Haunting – Presenze: recensione del film con Catherine Zeta-Jones
La recensione di Haunting - Presenze, un film iconico per molte generazioni che scardina la pericolosità di una premessa narrativa piuttosto inquietante.
Entrato a far parte fin da subito dei film di culto dei pomeriggi televisivi, Haunting – Presenze è un tassello della ristretta filmografia di Jan de Bont, regista olandese già dietro alla realizzazione di film iconici per intere generazioni quali Twister e, in seguito, Tomb Raider. Ispirato a grandi linee al romanzo di Shirley Jackson L’incubo di Hill House (che ha recentemente dato vita a un’acclamata serie TV Netflix), Haunting – Presenze è anche una nuova versione di Gli invasati (Robert Wise, 1963): la trama, in ogni caso, resta più o meno invariata. Un ricercatore, il Dottor Marrow, è particolarmente interessato sia ai fenomeni paranormali rilevati a Hill House, che alla relazione tra paura e insonnia. Con intenti non troppo cristallini, il professore rinchiude tre ragazzi nella magione, lasciandoli di fatto in balia dei fantasmi padroni di casa, i quali non si dimostreranno affatto degli ospiti accoglienti.
Haunting – Presenze propone nuovamente il tema del rapporto tra curiosità scientifica e etica antropologica, anche se non in modo centrato come succedeva in Twister con i suoi cacciatori di tornado sprezzanti di ogni possibile rischio. Questa volta, nelle intenzioni del Dottor Marrow il dato scientifico assume una posizione dominante anche sulla sua stessa persona, tanto da portarlo a calpestare l’etica e ad architettare un piano che lo lasci in salvo nella posizione di spettatore mentre i tre ragazzi fungono da cavie per i suoi esperimenti.

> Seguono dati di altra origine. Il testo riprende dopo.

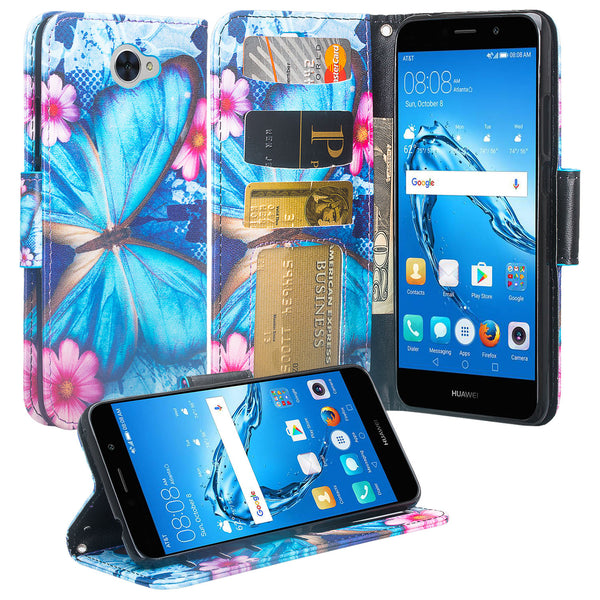 Huawei Ascend XT 2 Wallet Case - Blue Butterfly - www.coverlabusa.com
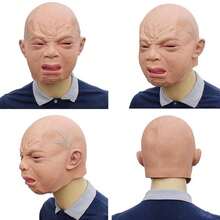Crying Mask Full Head Crying Doll Head Cover Bar Secret Room Haunted House Mask Party Props Crying Face Mask - Flesh Color - View 7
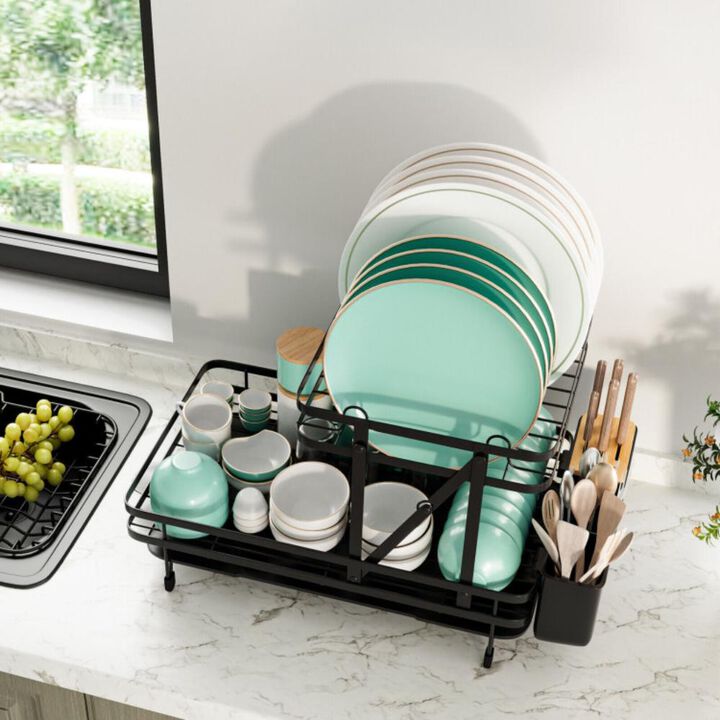 Hivvago 2-Tier Collapsible Dish Drainer Rack with Removable Drip Tray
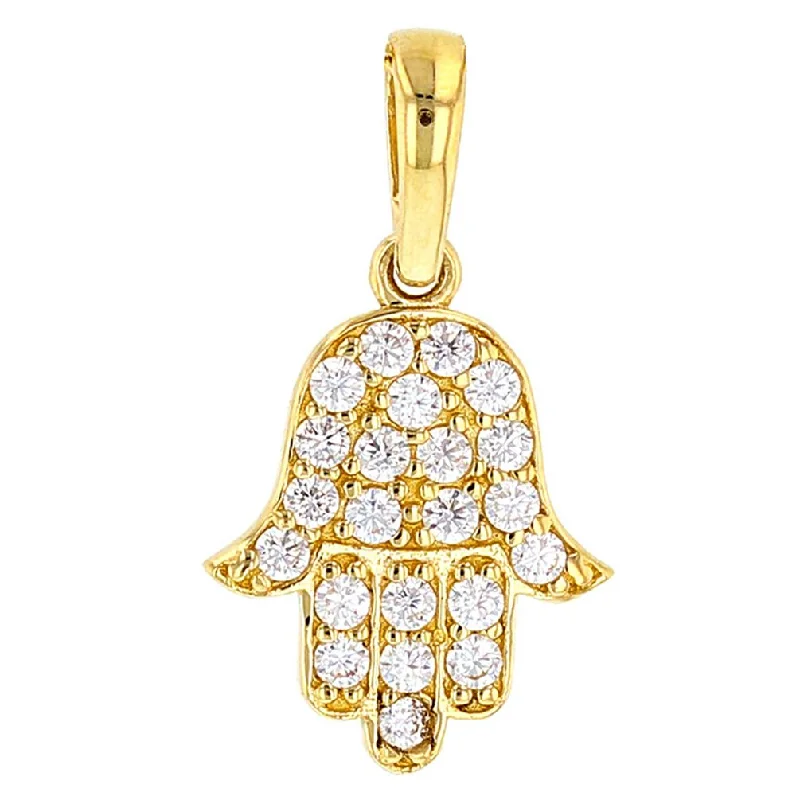 Solid 14K Gold Hamsa Hand of Fatima with Cubic Zirconia Charm Pendant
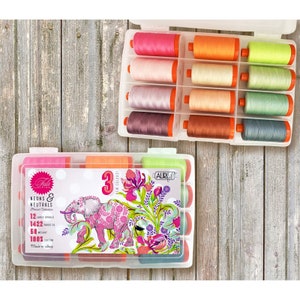 IN STOCK Aurifil Neons and Neutrals Collection Tula Pink Cotton 50 Weight Large Spool Pink Orange Grey Quilting Thread Set of 12 TP50EC12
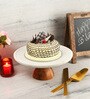 Marble Cake Stand With Wooden Base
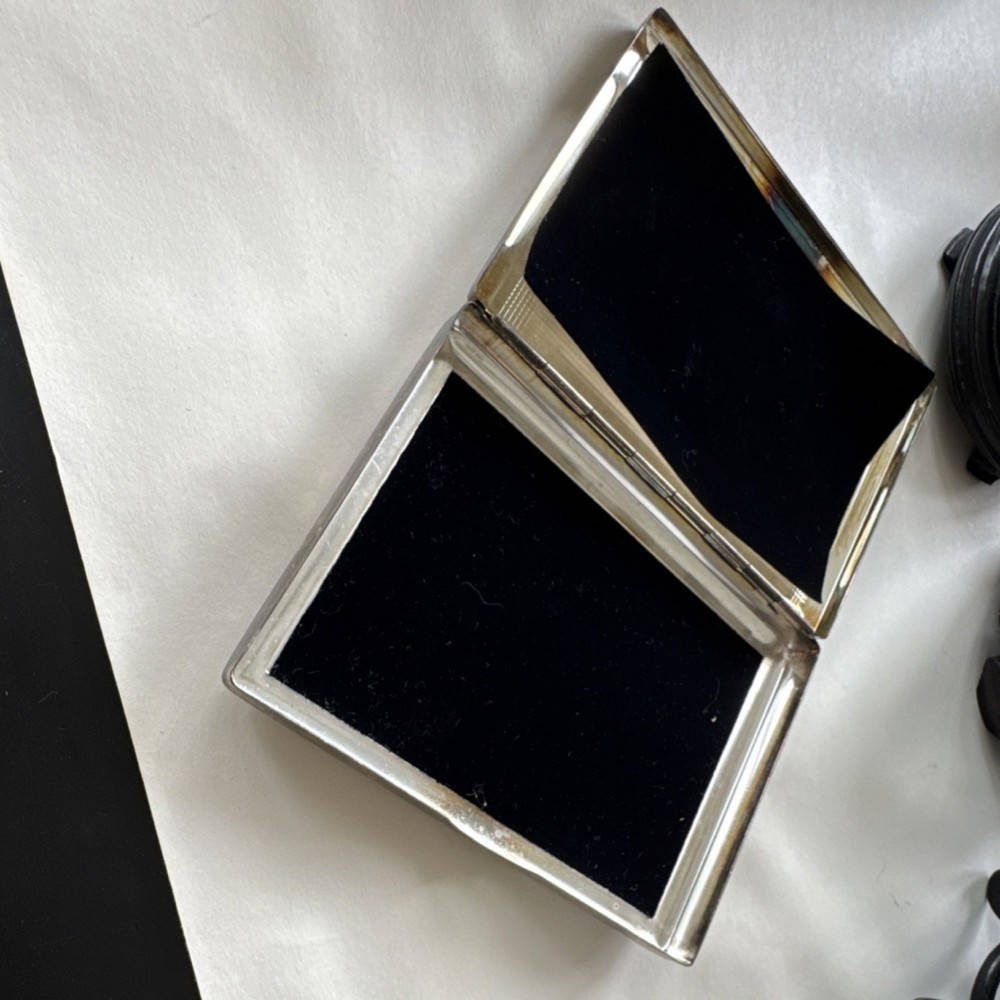Sterling Silver Art Deco Rectangular Cigarette Case Hinged .925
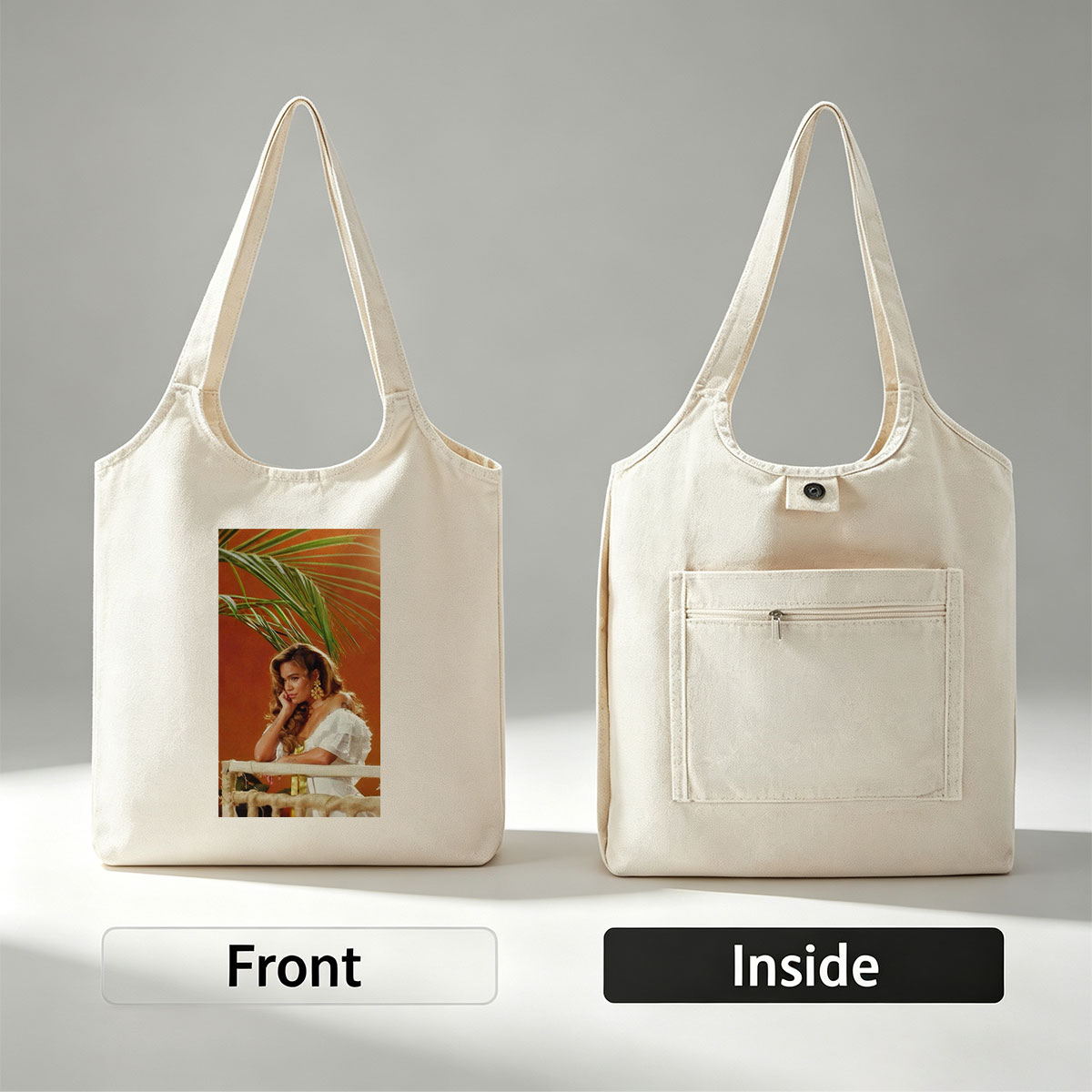 Maren Morris in a Tropical Scene Wearing a White Ruffled Dress with Palm Leaves in the Background - Canvas shoulder bags/
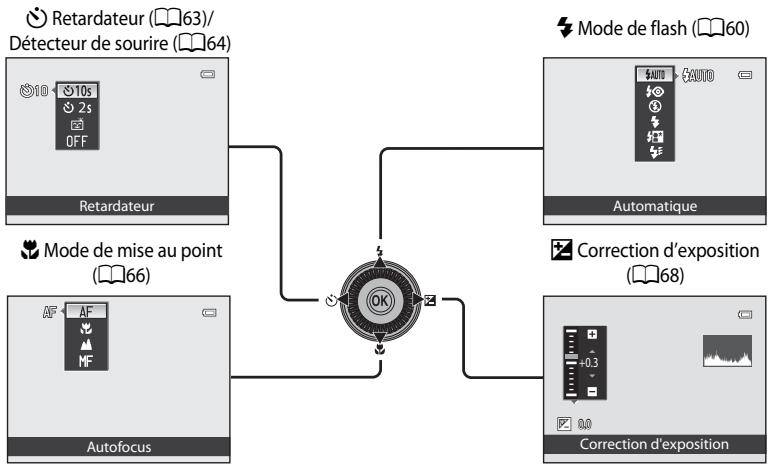 NIKON COOLPIX P310 - Fonctions pouvant'être régles à l'aide du sélecteur multidirectionnel - 1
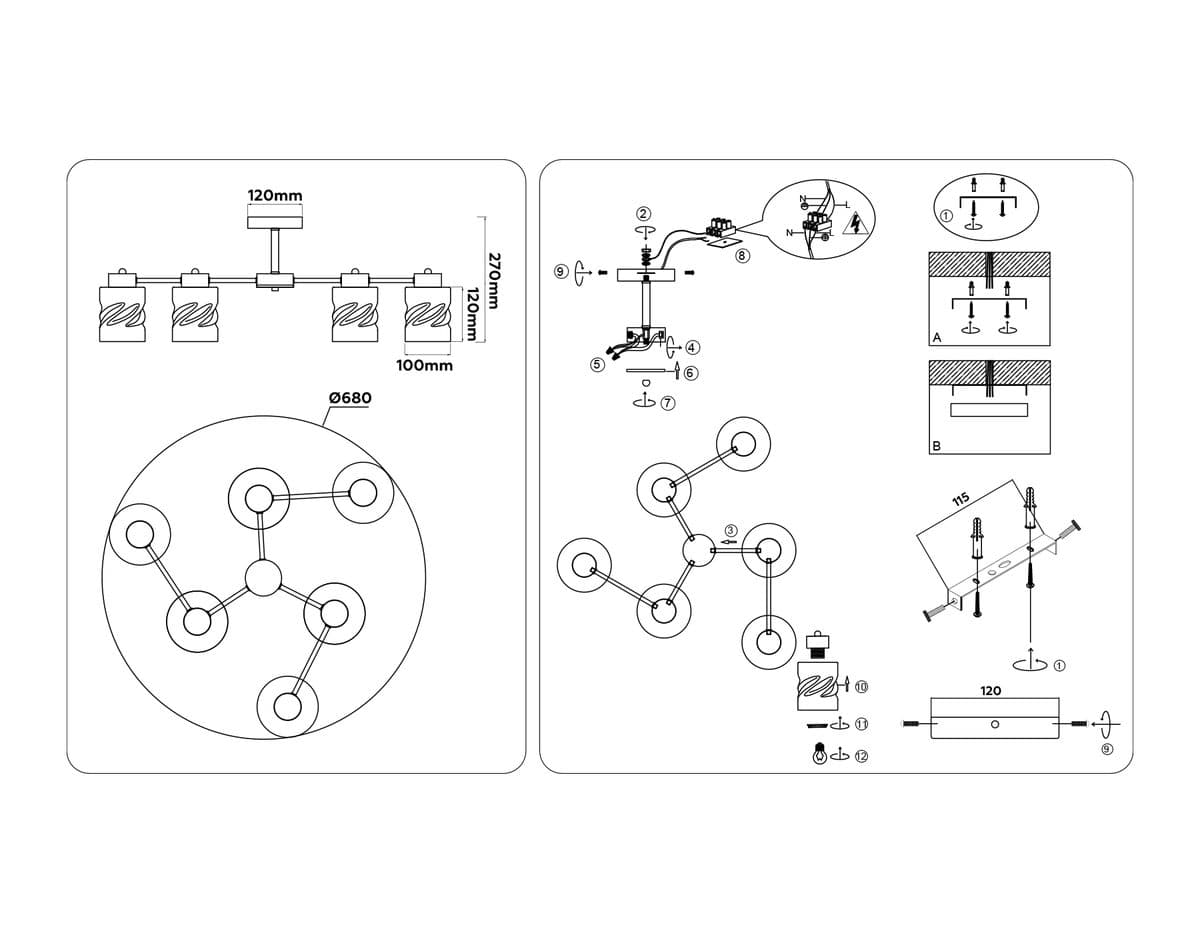 TR303325/6 BK/GD черный/золото E27/6 max 60W D680*270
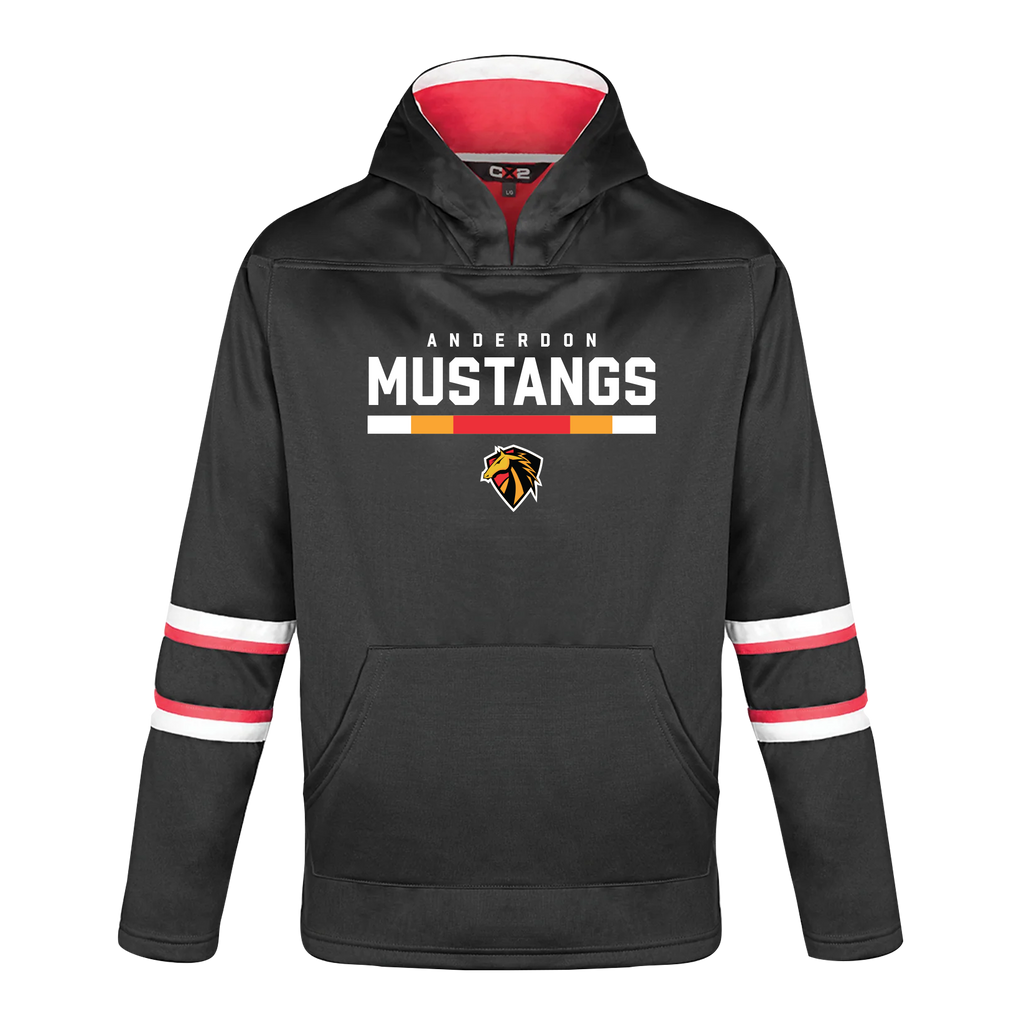 Anderdon Youth Pullover Hockey Lace Hooded Sweatshirt With Printed Logo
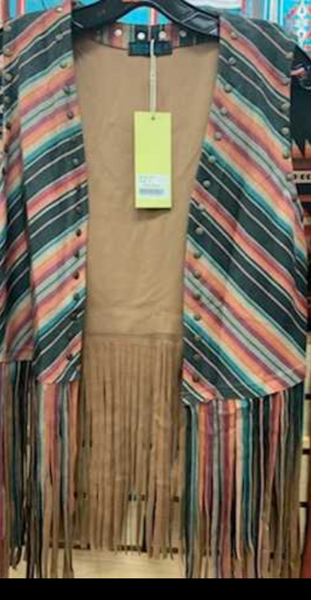 Suede Serape Print Studded Vest With Fringe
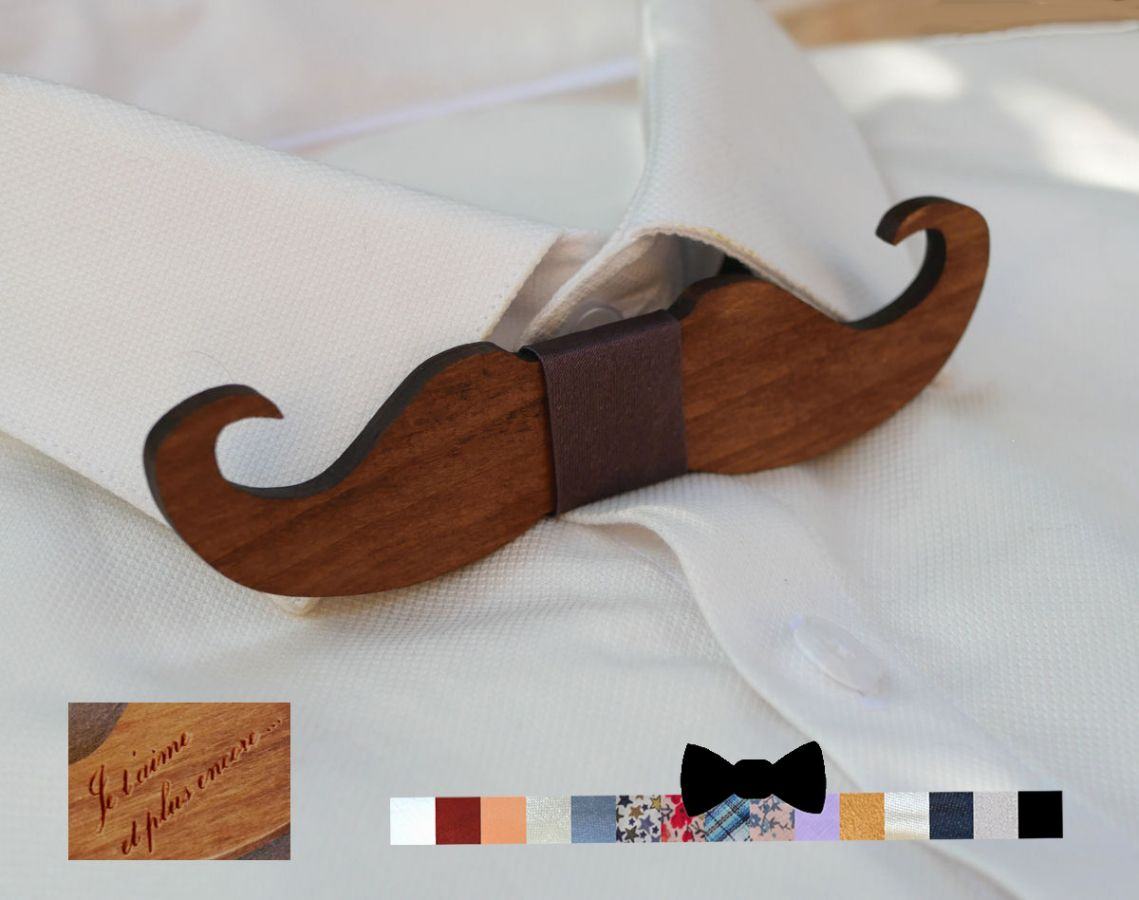 Pajarita Moustache de madera tintada para personalizar fabricada en Francia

Haunting – Presenze: è un horror innocuo senza riflessioni esistenziali
In realtà, nonostante le premesse a dir poco inquietanti, i toni del film restano piuttosto pacati dal punto di vista della potenziale efferatezza del piano: tutto resta in sordina, la storia mantiene distanza dal pubblico e una certa pacatezza nella rappresentazione della storia. Liam Neeson nei panni del subdolo professore dà prova di saper donare al personaggio qualche sfumatura in più, mettendolo anche in relazione con gli altri ruoli ricoperti dall’attore nelle pietre miliari della sua carriera. Anche Catherine Zeta-Jones fa sentire la sua presenza da un punto di vista recitativo, elevando un personaggio (e un racconto) molto retorico dal rischio di piattezza, coadiuvata dagli altri due interpreti dei ragazzi intrappolati, Owen Wilson e Lily Taylor. A livello di cast la mancanza che pesa di più sulla resa finale è una sorta di istinto da solista, che porta gli attori a restare piuttosto isolati dal resto del cast nella loro interpretazione, mancando di restituire il presumibile senso di sopravvivenza di gruppo.
Il risultato finale di Haunting – Presenze risulta essere piuttosto innocuo da molti punti di vista, anche se riesce a mantenere un ritmo fluido e costante, tale da apparire avvincente agli occhi del pubblico senza rendersi pesante con sottese riflessioni esistenziali. Questo aspetto lo ha reso un film ideale per i cataloghi televisivi (e non solo), proprio grazie a questa sua leggerezza nell’affrontare premesse diegetiche piuttosto pesanti. Il film ha anche ottenuto critiche contrastanti, così come le sue candidature in diverse occasioni: si oscilla infatti tra le candidature ai Razzie Award come Peggior film e come Peggior attrice protagonista (e molti altre categorie), alle candidature come Miglior Attore e Miglior Attrice in un film horror ai Blockbuster Entertainment Award, fino al premio come Miglior colonna sonora a Jerry Goldsmith in occasione del BMI Film & Tv Award.
La versione di Haunting – Presenze firmata da Jan de Bont probabilmente è quello che sembra, vale a dire un ripiego artistico e narrativo rispetto al progetto iniziale, che vedeva compiersi una collaborazione tra Stephen King alla sceneggiatura e Steven Spielberg alla regia (quest’ultimo ha anche preso parte alla produzione del film, pur non venendo citato tra quelli ufficiali).